Na kilka godzin przed rozpoczęciem rywalizacji w grupie A, która swoje mecze rozegra w Łodzi, praktycznie wszyscy trenerzy i zawodniczki powtarzają to samo - "chcemy w każdym meczu dać z siebie wszystko i pokazać jak najlepszą siatkówkę". Mówią to zarówno faworyzowane Holenderki, jak i młoda drużyna Hiszpanek. Ani słowa o walce o medale, o zdobycie tytułu Mistrzyń Europy...
- Zrobimy wszystko, aby pokazać licznym, jak zapowiadają organizatorzy, kibicom, kawałek dobrej kobiecej siatkówki. Na ten rok mieliśmy 3 cele: zakwalifikować się do Mistrzostw Świata, dobrze zaprezentować się w World Grand Prix i właśnie te, rozpoczynające się właśnie Mistrzostwa Europy, które są najważniejszą tegoroczną imprezą. Nie będzie na pewno łatwo, ponieważ europejska siatkówka jest w ostatnim czasie bardzo mocna i jest sporo drużyn, które będą tu walczyły o najwyższe miejsca.
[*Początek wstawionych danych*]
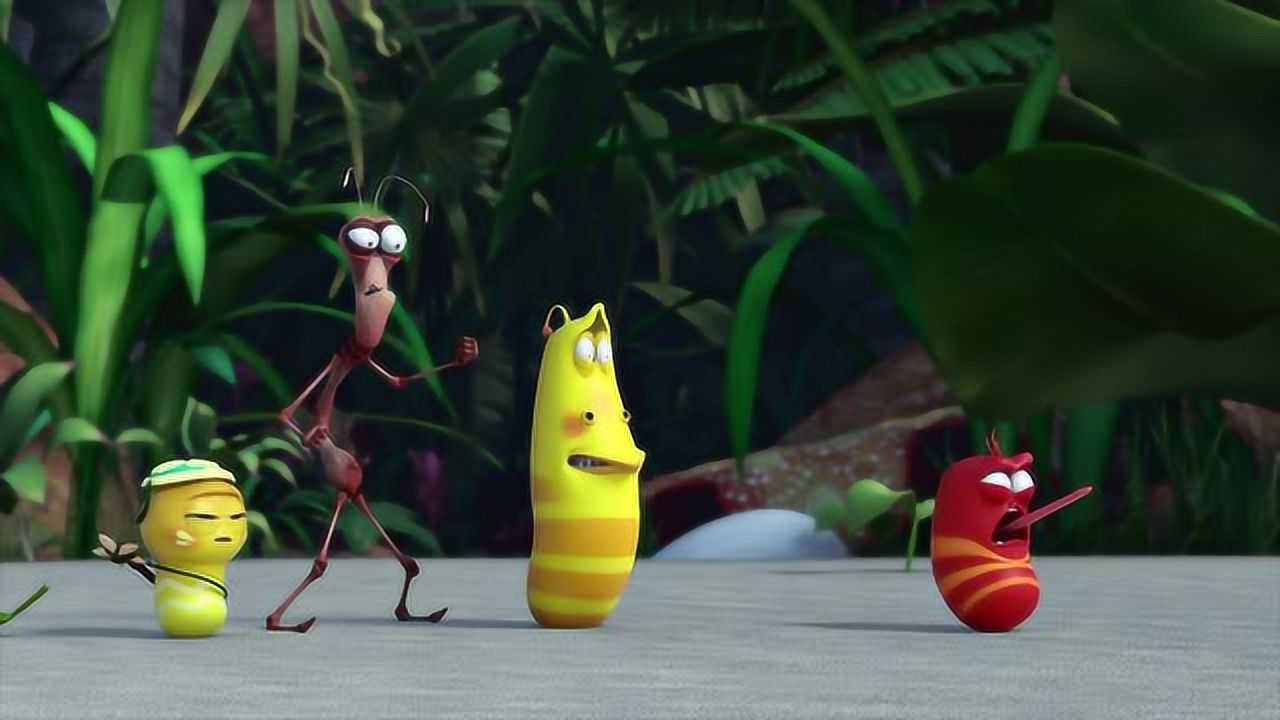 虫虫大作战2_腾讯视频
Zrobimy jednak wszystko, aby wypaść jak najlepiej, a przede wszystkim, codziennie grać na jak najwyższym poziomie. Nie będzie tu łatwo wygrać żadnego meczu, a już na pewno nie będzie łatwo wygrać całego turnieju - kandydatów do tytułu jest wielu, a puchar tylko jeden. To jest sport i dlatego ludzie go oglądają, że zwycięzcę wyłania parkiet, aktualna forma i dyspozycja dnia, a nie nazwiska, czy też prognozy - mówi trener reprezentacji Holandii Avital Selinger. Kapitan tego zespołu - Manon Flier dodaje: - W tegorocznych przygotowaniach duży nacisk położyliśmy właśnie na systematyczność, aby w każdym meczu grać równo i to powinno dać efekty. Wykonaliśmy w trakcie przygotowań ciężką pracę i teraz przyszedł czas na sprawdzenie, co ona przyniosła.
Jeszcze ostrożniej wypowiadają się przedstawiciele Chorwacji i Hiszpanii, choć w ich przypadku to zrozumiałe, bowiem nie są oni z pewnością faworytami grupy A. Trenerzy obu zespołów podkreślają, że cieszą się już z samego udziału w mistrzostwach i dla nich najważniejsza jest dobra gra, a nie konkretny wynik.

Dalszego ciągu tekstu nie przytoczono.